Here are some measurements.

That’s just it, the bandpass filter doesn’t allow any wavelengths out of the band bounds to pass, at a given photosite.

So, in a given exposure, assuming the white light has equal power at all the wavelengths (no such thing, so that’s calibrated-out in practice), then the ability to measure that power drops off as the wavelengths go to UV on the low end, IR on the high end. The Nikon D70 measured spectral sensitivity chart on page 53 of Christian Mauer’s thesis, figure 4.5 shows this, I think. So, looking at that chart, wouldn’t it be the “money chart” in answering @zerosapte’s question?

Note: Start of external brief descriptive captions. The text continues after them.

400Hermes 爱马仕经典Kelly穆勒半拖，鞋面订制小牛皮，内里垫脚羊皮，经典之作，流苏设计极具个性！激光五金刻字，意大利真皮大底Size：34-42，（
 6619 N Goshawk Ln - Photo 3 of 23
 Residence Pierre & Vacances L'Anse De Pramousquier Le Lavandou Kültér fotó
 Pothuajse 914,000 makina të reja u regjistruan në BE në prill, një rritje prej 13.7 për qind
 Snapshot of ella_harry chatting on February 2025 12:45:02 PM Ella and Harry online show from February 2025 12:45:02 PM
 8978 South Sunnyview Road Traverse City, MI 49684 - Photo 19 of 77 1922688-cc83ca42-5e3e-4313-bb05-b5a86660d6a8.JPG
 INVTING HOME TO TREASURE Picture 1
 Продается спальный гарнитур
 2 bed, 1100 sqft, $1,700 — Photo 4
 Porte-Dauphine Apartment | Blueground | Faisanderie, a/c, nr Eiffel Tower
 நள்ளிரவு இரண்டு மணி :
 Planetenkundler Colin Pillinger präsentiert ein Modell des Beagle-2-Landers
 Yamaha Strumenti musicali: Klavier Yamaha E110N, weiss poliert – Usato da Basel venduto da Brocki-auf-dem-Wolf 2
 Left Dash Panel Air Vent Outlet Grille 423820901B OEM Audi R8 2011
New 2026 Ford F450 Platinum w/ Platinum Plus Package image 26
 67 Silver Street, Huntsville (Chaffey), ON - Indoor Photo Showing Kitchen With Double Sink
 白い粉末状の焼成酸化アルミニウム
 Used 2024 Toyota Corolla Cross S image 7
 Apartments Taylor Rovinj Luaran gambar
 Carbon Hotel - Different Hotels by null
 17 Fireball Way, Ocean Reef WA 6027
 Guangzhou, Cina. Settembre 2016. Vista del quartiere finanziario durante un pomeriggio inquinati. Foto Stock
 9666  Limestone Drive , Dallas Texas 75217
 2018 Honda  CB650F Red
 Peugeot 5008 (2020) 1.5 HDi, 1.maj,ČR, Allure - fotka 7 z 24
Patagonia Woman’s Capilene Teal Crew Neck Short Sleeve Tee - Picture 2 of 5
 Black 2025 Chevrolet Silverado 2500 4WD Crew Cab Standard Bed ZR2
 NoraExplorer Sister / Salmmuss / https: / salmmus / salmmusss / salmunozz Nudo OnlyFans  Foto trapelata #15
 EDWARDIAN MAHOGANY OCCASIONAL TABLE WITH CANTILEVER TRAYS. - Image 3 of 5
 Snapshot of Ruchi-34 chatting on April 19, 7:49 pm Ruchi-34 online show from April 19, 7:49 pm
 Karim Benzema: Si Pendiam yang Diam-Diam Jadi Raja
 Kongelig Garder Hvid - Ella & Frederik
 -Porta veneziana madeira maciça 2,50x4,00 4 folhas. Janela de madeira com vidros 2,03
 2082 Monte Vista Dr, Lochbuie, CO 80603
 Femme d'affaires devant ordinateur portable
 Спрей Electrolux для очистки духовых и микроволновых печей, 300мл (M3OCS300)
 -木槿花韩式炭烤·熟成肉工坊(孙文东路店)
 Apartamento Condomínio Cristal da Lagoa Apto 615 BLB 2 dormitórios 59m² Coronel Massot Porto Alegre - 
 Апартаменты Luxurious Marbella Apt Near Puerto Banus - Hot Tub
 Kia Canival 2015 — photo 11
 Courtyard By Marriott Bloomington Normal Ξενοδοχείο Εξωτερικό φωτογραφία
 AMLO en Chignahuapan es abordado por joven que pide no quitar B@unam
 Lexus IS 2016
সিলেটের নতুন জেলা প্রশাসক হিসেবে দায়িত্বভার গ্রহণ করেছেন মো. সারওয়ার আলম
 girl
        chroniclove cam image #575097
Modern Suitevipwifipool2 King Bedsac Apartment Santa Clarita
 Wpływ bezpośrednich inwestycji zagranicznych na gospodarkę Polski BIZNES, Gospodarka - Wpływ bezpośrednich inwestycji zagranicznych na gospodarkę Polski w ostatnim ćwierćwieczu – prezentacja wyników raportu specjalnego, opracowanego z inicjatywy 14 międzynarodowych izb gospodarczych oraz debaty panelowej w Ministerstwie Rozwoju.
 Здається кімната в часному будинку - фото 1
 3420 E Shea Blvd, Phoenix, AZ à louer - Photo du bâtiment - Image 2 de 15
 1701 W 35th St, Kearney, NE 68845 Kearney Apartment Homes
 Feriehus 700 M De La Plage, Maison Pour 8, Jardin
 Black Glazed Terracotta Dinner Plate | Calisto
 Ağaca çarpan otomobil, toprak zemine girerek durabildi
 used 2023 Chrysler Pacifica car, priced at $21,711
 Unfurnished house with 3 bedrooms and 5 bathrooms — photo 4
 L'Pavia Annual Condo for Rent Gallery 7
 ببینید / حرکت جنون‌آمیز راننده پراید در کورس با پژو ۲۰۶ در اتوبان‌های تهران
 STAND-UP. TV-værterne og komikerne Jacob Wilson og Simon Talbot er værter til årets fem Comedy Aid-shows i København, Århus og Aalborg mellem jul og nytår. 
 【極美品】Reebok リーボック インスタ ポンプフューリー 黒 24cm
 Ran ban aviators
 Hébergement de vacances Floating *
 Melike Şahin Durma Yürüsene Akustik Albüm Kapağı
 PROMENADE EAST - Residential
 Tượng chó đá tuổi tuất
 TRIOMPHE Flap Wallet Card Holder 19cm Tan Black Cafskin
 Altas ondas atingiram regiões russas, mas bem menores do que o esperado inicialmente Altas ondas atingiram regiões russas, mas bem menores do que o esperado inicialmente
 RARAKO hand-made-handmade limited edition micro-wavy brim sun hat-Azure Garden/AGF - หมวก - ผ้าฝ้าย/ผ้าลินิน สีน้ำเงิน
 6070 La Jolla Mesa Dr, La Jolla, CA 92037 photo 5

This is a good discussion, it’s helping me to try to sort out and assemble all the things one would need to measure spectral sensitivity to make better camera profiles. I hope we’re not losing @zerosapte in all this…

I think the most important thing that people fail to understand is this:

Camera RGB is only metaphoric RGB.

A Bayer sensor splits a light spectrum into 3 spectral slices, in a fashion that is inspired by the physiology of the retina. So each of these slices is called R, G or B by convention.

But the actual spectral sensitivity of the camera RGB is not the same as the one of your display RGB, let alone the spectral sensitivity of your fovea’s cone cells.

To say it otherwise, the “G” channel of your camera is not green at all. Same applies to the 2 other channels.

Actually, I wonder if we shouldn’t stop calling that “RGB” at all. It’s light spectrum tier 1, light spectrum tier 2, light spectrum tier 3.

And then, depending on how wide these tiers are in the target color space, compared to the input color space, you need to rescale the intensities accordingly. Which is done in a not-so-accurate way by white balance scaling, so you divide the camera RGB by the RGB numbers of your light source in the same space to make the light source achromatic (R = G = B).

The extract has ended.